After our weekend in Norwich my wife and I moved on to the lovely town of Stamford in the south of Lincolnshire for a couple of nights before returning home this morning. If you are in one county in this part of the world you are never far from another for apart from Lincolnshire, Rutland, Leicestershire, Cambridgeshire and Northamptonshire are all close by. It was still a surprise, however that when looking at the Leicestershire play cricket site that I found that, together with their small neighbours Rutland they had a match yesterday against Warwickshire in the Under 15 cup Div 2A with a twelve noon start at Stamford School, just a few minutes walk from the town centre.

I arrived at the well appointed ground after an hour's play with Leicestershire and Rutland struggling at 54 for 8 with the larger bears' cubs rather bossing their smaller counterparts. To their credit L and R rallied well and despite some poor running between the wickets which had their coach swishing his tail, they reached 136 all out shortly before their 50 overs were up. By now my good luck with the weather had run out and for much of the time I was there the game continued in light drizzle which at one point was enough to persuade me to go into the most attractive pavilion where a cup of tea was available.

The pavilion had been refurbished in 1993 and the man chosen to cut the tape as it were, was, at least to a cricketing enthusiast, the school's most distinguished old boy, MJK Smith, Leicestershire and Warwickshire and of course England captain in the 1960s. Photographs of the 1993 event showed MJK with the headmaster and on a group photograph with the two teams who had played a commemorative match. Alas he was not in whites. Rather a nice coincidence that the two teams MJK represented in the county championship should be facing each other at U15 level on his old school ground.

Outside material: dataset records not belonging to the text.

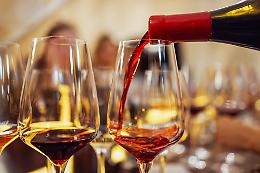PFAS nel vino: fino a 100 volte oltre i limiti dell’acqua potabile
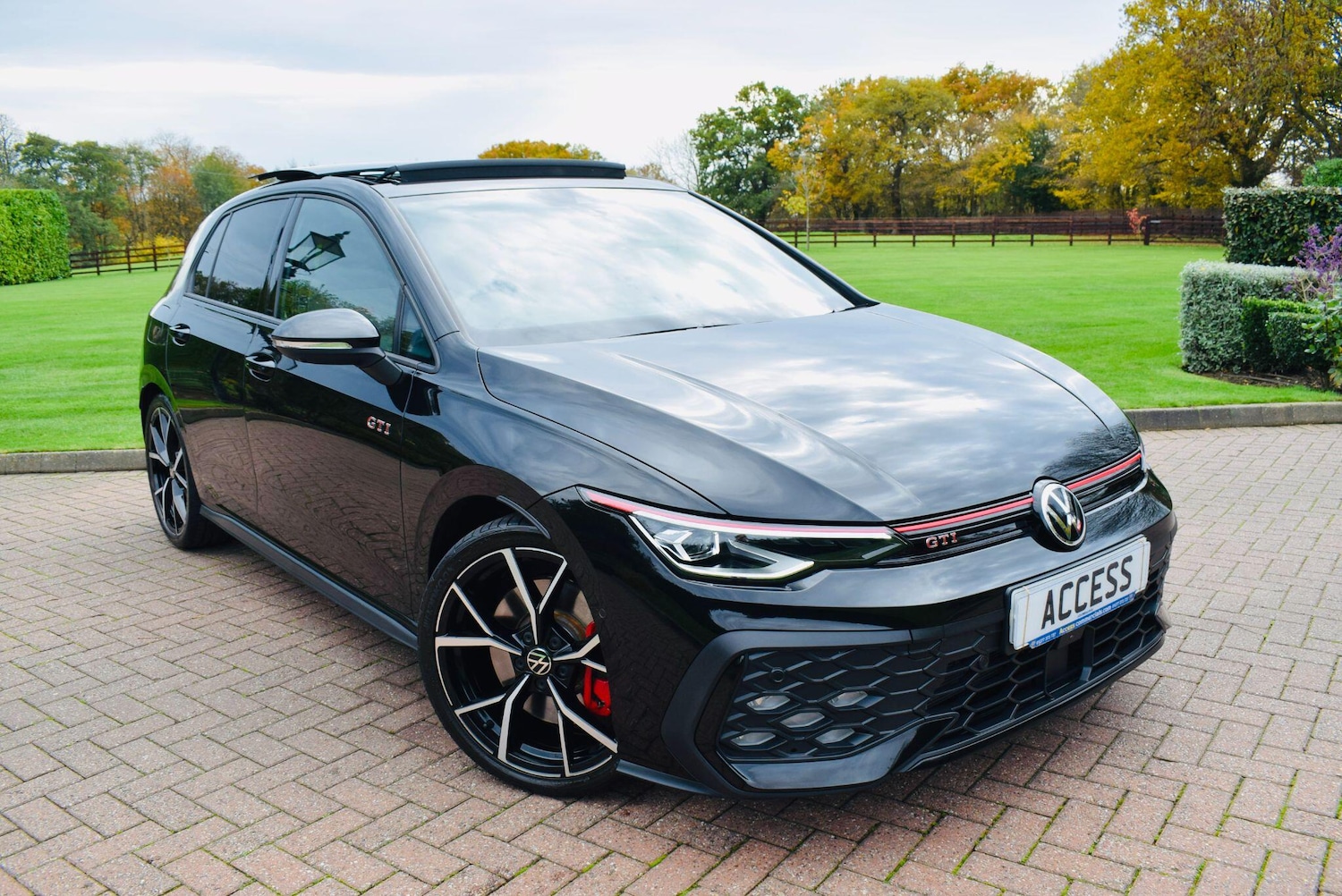 Used Volkswagen Golf 2025 for sale - 76485462: Photo 2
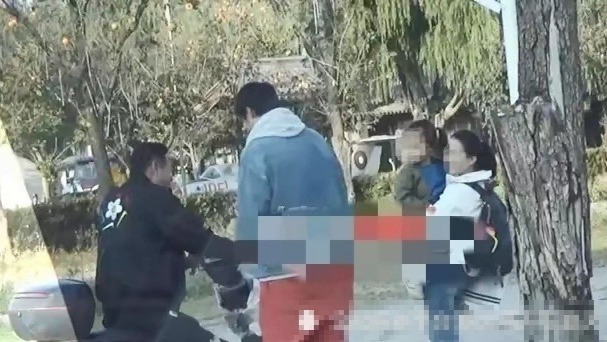 王传君带女儿公园里摘柿子，遭工作人员阻止后，就算交罚款也要摘封面图
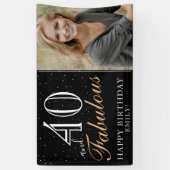 40 en Fabulous Modern Black 40th Birthday Foto Spandoek (Verticaal)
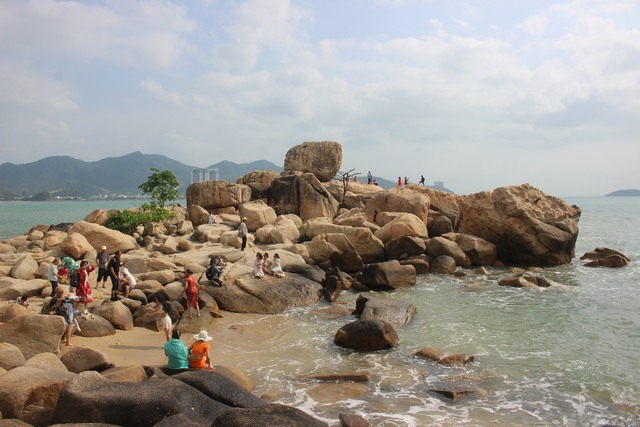 Nhiều điểm tham quan giá rẻ và miễn phí ở Khánh Hòa hút khách dịp Tết- Ảnh 4. Nhiều điểm tham quan giá rẻ và miễn phí ở Khánh Hòa hút khách dịp Tết- Ảnh 4.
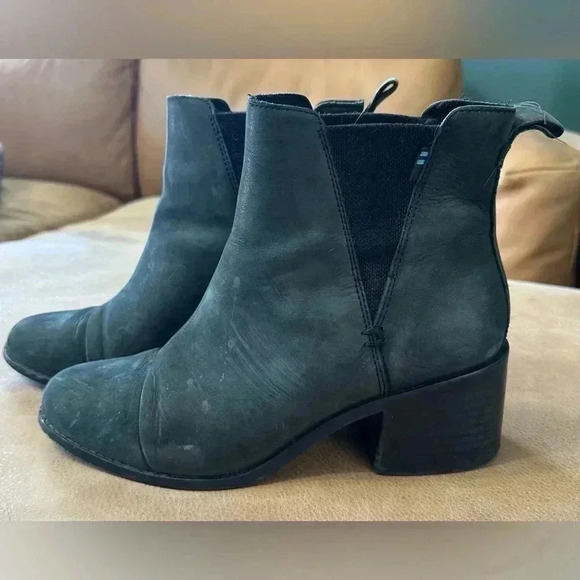 TOMS Women's Esme Bootie Black Leather Size 8.5 - Picture 1 of 8
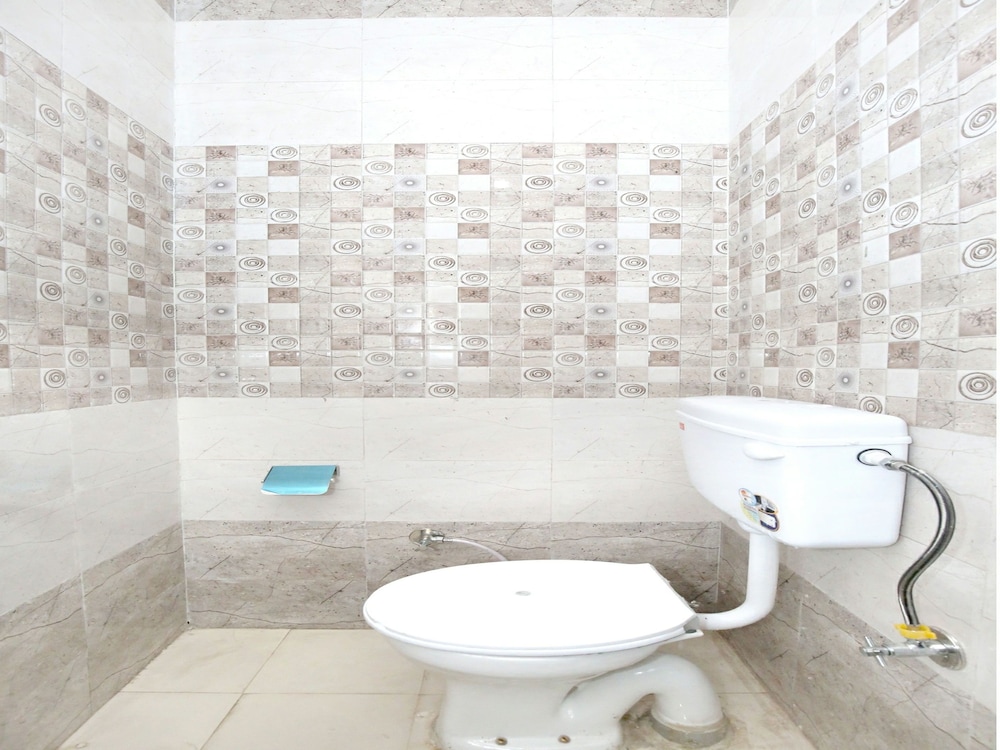 Oyo 11369 Hotel Noor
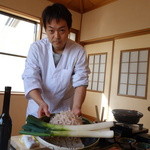 柚木元 - 鍋には北海道の牛蒡と松本一本葱（ご主人の萩原さん）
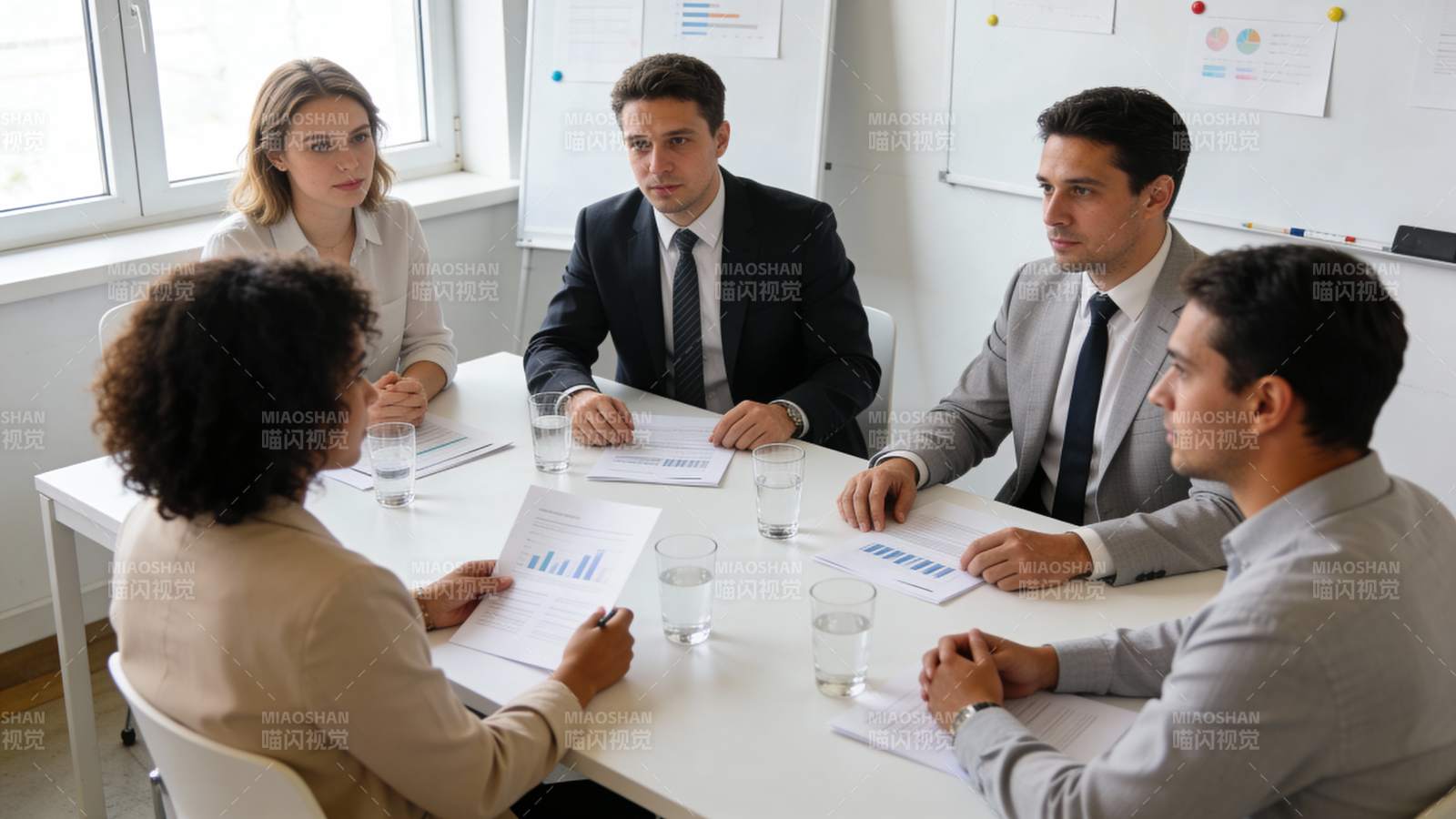 商务会议讨论中图片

At the closure of L and R's innings I rejoined my wife in the town to find she had discovered two other famous alumni of Stamford School, albeit famous musicians rather than cricketers, namely Sir Malcolm Sargent and Sir Michael Tippett. Just to throw in one more famous old boy, Colin Dexter, the creator of Morse also is an old Stamfordian, as his most famous creation.

I have searched the internet today but am unable to find the result of the game but I suspect Warwickshire won for I have found a league table which shows Warwickshire top having won all their 7 games.